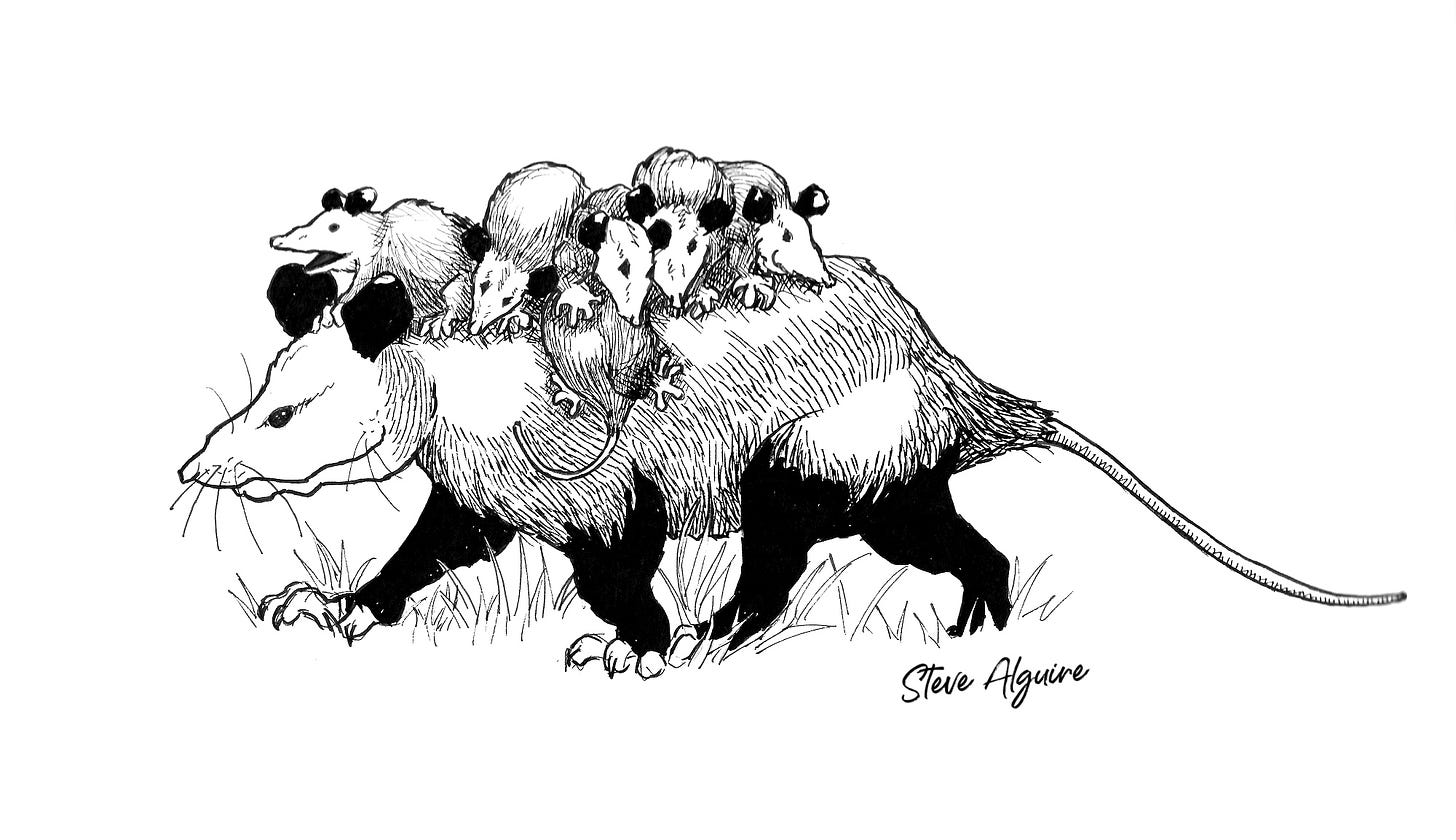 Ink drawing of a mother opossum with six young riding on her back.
---
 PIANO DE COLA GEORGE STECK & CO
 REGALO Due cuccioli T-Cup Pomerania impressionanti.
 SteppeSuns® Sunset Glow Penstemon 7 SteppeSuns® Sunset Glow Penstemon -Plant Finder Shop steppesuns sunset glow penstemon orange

_Required action_
Take the records above and return, word for word, only the lines that fall from the line with "REGALO Due cuccioli" to the line with "SteppeSuns® Sunset Glow Penstemon 7", both of them included.

_Your response_
 REGALO Due cuccioli T-Cup Pomerania impressionanti.
 SteppeSuns® Sunset Glow Penstemon 7 SteppeSuns® Sunset Glow Penstemon -Plant Finder Shop steppesuns sunset glow penstemon orange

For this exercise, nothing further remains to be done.